Chapter 3 Linear Regression
What is linear regression?
- “a very simple approach for supervised learning”
- “a useful tool for predicting a quantitative response”
- widely used statistical learning method
- a special case of more generalized learning methods
- Useful for answering many different types of questions
Advantages
- Simplicity
- Conceptual: based on averages (or “expectations” in econometrics)
- Procedural: there are closed form solutions for estimating parameters
- Interpretable
- There are meaningful visualizations and interpretations of model results
- It is possible to address many types of questions, and apply statistical tests to judge results including:
- Is there a relationship between predictors and response variables?
- How strong is the relationship?
- Which predictors are related to the response?
- How accurate are the estimated model parameters?
- How accurate are the predictions generated by the model?
- Is the model a good fit?
- Are there interactions among the predictors?
3.1 Simple linear regression
Simple linear regression predicts a quantitative response \(y\) on the basis of a single predictor, \(x\), assuming that there is a linear relationship between \(y\) and \(x\) in the form:
\[ \begin{array}{rcl} y &=& \beta_0 + \beta_{1}x + \epsilon \\ &\textrm{or}& \\ y &\approx& \beta_0 + \beta_{1}x \end{array} \]
Read as: “regressing \(y\) on \(x\)”, “regressing \(y\) onto \(x\)”, or “\(y\) is approximately modeled as a linear function of \(x\)”
This equation describes the population regression line: the best linear approximation of the true relationship between \(y\) and \(x\).

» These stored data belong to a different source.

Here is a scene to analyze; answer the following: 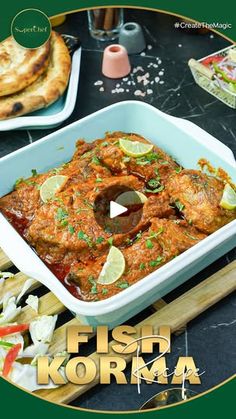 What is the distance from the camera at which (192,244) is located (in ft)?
12.4

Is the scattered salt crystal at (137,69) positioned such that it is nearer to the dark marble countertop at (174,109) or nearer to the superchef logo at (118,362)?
the dark marble countertop at (174,109)

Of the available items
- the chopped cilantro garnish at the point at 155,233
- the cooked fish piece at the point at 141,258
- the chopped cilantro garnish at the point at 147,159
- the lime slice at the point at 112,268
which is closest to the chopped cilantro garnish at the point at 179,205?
the cooked fish piece at the point at 141,258

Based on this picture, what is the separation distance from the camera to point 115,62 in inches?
222

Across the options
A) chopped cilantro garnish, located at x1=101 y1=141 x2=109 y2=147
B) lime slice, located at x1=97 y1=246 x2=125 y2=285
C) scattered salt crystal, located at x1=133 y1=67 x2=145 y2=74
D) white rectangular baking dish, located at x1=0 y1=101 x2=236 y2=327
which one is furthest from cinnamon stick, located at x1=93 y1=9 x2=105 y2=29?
lime slice, located at x1=97 y1=246 x2=125 y2=285

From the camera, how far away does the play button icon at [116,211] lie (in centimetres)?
394

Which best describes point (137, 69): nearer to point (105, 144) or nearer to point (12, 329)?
point (105, 144)

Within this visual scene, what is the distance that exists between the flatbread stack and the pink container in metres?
0.42

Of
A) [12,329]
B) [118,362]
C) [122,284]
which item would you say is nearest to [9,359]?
[12,329]

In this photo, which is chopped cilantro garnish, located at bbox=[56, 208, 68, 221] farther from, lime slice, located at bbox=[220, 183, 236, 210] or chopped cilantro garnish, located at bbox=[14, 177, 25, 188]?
lime slice, located at bbox=[220, 183, 236, 210]

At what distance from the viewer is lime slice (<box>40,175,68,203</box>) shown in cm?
411

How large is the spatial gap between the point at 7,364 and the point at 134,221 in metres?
1.13

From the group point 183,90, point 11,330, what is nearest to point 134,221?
point 11,330

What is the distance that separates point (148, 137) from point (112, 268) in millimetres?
1366

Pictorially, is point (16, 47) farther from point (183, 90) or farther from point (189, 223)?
point (189, 223) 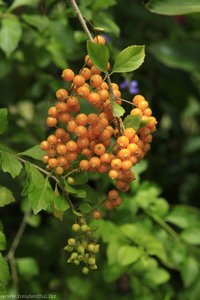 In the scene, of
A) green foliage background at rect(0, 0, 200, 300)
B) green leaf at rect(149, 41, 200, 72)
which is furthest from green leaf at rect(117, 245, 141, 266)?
green leaf at rect(149, 41, 200, 72)

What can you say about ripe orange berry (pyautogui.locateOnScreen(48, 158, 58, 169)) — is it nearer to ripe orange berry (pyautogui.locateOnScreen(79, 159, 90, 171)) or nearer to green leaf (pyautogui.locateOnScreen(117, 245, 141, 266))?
ripe orange berry (pyautogui.locateOnScreen(79, 159, 90, 171))

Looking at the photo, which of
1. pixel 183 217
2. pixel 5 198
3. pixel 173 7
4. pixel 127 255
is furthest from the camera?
pixel 183 217

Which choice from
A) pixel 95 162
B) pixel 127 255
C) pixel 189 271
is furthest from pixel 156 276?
pixel 95 162

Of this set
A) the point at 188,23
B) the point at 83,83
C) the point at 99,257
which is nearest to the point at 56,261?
the point at 99,257

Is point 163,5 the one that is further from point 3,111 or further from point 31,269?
point 31,269

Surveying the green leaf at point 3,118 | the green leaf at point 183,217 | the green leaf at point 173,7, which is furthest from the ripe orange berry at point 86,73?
the green leaf at point 183,217

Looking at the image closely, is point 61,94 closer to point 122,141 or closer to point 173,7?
point 122,141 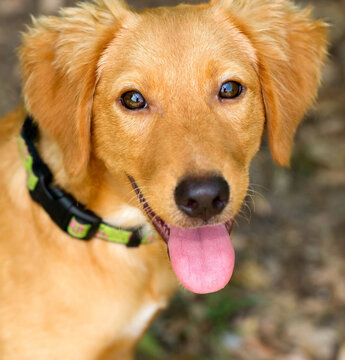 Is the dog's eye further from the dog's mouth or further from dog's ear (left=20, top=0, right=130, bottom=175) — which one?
the dog's mouth

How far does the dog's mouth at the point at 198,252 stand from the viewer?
8.64ft

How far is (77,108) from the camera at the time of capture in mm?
2584

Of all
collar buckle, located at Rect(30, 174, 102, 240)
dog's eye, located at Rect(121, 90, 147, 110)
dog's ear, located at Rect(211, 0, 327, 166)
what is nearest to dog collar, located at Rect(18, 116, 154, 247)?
collar buckle, located at Rect(30, 174, 102, 240)

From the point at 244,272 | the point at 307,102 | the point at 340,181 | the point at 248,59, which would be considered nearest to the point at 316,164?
the point at 340,181

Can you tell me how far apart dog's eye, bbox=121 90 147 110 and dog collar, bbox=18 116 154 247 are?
0.52 meters

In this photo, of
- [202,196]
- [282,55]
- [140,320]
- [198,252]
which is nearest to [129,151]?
[202,196]

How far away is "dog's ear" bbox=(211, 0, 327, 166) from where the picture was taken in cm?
275

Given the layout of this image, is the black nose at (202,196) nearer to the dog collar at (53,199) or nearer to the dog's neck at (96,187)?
the dog's neck at (96,187)

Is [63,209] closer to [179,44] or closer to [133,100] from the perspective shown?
[133,100]

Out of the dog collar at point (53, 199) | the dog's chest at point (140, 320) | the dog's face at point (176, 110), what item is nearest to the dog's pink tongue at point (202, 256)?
the dog's face at point (176, 110)

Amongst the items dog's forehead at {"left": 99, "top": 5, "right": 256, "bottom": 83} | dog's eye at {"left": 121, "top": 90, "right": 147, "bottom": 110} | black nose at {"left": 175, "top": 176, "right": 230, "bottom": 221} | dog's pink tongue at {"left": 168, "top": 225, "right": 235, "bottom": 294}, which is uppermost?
dog's forehead at {"left": 99, "top": 5, "right": 256, "bottom": 83}

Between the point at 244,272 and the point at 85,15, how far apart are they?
99.9 inches

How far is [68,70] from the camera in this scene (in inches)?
103

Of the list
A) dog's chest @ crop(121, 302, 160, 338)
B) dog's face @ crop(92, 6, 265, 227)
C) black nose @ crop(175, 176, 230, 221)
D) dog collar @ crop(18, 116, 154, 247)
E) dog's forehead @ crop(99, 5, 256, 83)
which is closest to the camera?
black nose @ crop(175, 176, 230, 221) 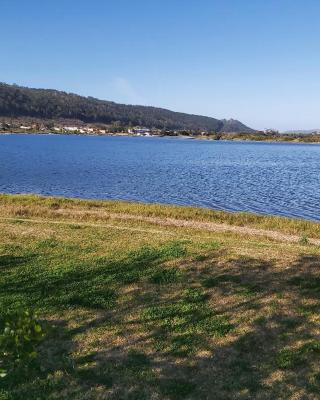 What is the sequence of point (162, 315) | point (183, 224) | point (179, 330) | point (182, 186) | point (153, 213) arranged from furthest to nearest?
1. point (182, 186)
2. point (153, 213)
3. point (183, 224)
4. point (162, 315)
5. point (179, 330)

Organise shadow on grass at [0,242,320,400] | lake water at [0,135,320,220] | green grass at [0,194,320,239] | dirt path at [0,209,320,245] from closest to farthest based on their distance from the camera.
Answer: shadow on grass at [0,242,320,400]
dirt path at [0,209,320,245]
green grass at [0,194,320,239]
lake water at [0,135,320,220]

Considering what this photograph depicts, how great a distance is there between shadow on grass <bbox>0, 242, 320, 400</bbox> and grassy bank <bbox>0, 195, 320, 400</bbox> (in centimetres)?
3

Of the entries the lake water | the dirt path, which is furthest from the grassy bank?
→ the lake water

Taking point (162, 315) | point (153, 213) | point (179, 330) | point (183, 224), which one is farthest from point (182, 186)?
point (179, 330)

The model parameters (or coefficients), \(\beta_0\) and \(\beta_1\), are unknown constants and the error term, \(\epsilon\), is not measurable in practice.
- \(y\): the observed true value of \(y\)
- \(\beta_0\): the intercept, or the expected value of \(y\), when \(x\) is 0
- \(\beta_1\): the slope, or the expected change in \(y\) per unit change in \(x\), or \(\frac{\Delta y}{\Delta x}\)
- \(\epsilon\): irreducible error, or variation in \(y\) that can not be accounted for by the model
3.1.1 Estimating Coefficients
In practice \(\beta_0\) and \(\beta_1\) are unknown constants that must be estimated based on available data using some procedure.
- Each \((x_i, y_i)\) pair represents an example observation drawn from the population of possibilities for the joint distribution of \(X\) and \(Y\).
- Based on many (\(n\)) examples, develop estimates for \(\hat{\beta}_0\) and \(\hat{\beta}_1\).
- Then compute \(\hat{y}_i\), which is the value for \(y_i\) predicted by the model based on \(x_i\) (where \(i \in \{1 \ldots n\}\)).
\[ \hat{y}_i \approx \hat{\beta}_0 + \hat{\beta}_1 x_i \]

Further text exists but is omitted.